- [Aim of the task]
Repeat exactly the lines of the entries below from the one with "3370 Green Road" through the one with "a bathroom with", both ends included, and nothing else.

[Records contained in a dataset]
*** Block opens ***

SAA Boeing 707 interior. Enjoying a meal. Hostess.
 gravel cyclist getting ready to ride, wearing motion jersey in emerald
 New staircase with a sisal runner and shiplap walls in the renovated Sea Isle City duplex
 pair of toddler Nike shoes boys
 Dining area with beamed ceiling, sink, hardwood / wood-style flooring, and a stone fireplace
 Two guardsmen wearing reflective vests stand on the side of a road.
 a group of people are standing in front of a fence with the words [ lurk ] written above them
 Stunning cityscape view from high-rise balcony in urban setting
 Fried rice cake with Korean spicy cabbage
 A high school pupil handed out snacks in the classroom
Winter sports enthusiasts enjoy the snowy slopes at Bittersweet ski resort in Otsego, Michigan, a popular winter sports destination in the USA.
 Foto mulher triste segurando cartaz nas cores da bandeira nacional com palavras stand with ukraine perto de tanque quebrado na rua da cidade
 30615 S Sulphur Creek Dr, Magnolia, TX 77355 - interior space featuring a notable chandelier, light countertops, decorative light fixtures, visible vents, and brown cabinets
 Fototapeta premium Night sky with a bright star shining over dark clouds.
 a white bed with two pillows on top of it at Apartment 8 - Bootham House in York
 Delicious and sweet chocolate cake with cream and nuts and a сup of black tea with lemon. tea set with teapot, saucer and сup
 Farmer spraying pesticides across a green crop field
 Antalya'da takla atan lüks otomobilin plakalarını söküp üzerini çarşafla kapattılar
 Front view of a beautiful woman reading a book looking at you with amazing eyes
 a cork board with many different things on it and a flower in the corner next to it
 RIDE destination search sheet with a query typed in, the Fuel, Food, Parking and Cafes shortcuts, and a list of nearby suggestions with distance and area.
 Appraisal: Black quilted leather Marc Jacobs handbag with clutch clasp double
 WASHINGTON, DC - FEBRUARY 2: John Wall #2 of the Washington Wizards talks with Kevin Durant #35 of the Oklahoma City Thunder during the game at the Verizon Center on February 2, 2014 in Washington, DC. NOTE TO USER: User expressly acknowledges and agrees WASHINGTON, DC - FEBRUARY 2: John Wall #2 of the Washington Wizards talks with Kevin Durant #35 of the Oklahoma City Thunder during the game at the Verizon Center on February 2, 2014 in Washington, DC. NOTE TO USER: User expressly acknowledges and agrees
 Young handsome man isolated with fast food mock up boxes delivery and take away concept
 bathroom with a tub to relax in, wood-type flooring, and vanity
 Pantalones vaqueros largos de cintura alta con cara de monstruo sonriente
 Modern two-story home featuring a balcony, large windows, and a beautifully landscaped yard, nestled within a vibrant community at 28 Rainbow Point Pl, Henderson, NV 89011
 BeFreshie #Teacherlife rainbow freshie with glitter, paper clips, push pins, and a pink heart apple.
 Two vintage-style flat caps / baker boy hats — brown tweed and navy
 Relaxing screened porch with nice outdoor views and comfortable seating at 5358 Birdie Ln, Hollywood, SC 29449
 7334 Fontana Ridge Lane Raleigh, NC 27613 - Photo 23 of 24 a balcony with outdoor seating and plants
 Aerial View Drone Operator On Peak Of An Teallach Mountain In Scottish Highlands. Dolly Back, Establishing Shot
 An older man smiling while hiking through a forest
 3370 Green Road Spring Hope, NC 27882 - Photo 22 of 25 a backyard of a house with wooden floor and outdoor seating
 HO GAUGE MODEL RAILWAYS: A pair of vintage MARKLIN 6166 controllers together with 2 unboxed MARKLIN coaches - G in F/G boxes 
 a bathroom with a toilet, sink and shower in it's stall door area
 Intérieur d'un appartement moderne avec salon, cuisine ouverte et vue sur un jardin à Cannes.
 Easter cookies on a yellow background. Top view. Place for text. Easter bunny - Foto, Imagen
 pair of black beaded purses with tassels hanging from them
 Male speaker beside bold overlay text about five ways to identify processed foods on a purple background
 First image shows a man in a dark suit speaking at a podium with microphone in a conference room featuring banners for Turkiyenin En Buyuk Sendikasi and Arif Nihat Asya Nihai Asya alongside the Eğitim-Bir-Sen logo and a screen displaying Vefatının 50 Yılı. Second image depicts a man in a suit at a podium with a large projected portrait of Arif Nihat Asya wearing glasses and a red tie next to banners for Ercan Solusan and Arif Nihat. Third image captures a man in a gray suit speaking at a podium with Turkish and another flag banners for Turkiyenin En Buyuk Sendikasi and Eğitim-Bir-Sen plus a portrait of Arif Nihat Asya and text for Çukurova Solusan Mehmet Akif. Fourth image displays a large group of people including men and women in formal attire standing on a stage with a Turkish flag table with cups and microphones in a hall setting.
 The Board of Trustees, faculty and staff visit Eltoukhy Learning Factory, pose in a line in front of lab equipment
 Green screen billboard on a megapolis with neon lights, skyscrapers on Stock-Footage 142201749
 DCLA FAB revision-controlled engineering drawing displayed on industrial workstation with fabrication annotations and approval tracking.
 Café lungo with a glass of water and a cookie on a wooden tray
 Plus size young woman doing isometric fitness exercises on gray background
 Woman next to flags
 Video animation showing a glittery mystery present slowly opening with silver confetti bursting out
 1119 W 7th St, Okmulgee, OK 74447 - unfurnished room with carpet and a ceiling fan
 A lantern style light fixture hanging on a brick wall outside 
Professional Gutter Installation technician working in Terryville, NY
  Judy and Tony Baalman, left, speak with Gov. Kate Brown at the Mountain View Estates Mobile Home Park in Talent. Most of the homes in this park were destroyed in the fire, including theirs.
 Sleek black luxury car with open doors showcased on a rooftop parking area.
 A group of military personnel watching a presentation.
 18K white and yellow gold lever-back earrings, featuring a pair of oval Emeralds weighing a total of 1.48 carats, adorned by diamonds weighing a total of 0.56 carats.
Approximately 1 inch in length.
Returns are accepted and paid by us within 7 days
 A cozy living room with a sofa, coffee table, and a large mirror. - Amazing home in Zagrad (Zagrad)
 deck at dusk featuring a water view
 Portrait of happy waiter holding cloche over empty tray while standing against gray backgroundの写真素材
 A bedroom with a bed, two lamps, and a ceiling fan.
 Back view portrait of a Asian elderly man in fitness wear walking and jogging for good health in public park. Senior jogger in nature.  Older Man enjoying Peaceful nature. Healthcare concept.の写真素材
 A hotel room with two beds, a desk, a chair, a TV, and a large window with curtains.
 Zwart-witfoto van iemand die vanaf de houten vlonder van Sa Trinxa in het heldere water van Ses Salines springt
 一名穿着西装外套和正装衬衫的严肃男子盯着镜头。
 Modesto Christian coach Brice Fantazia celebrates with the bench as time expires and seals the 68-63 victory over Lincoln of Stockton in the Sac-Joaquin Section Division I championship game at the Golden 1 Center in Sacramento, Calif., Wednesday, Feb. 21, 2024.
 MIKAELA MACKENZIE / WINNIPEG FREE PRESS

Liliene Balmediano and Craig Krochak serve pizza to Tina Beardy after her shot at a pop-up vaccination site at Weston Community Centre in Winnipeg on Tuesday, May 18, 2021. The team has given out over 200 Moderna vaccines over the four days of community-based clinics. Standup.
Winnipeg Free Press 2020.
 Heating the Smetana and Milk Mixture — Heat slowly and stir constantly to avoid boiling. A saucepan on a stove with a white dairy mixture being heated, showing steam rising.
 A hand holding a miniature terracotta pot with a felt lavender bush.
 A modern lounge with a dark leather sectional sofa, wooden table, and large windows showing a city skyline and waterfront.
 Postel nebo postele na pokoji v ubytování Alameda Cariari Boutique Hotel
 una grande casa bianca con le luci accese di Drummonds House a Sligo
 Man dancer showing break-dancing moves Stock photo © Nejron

*** Block closes ***

- [Exercise response]
 3370 Green Road Spring Hope, NC 27882 - Photo 22 of 25 a backyard of a house with wooden floor and outdoor seating
 HO GAUGE MODEL RAILWAYS: A pair of vintage MARKLIN 6166 controllers together with 2 unboxed MARKLIN coaches - G in F/G boxes 
 a bathroom with a toilet, sink and shower in it's stall door area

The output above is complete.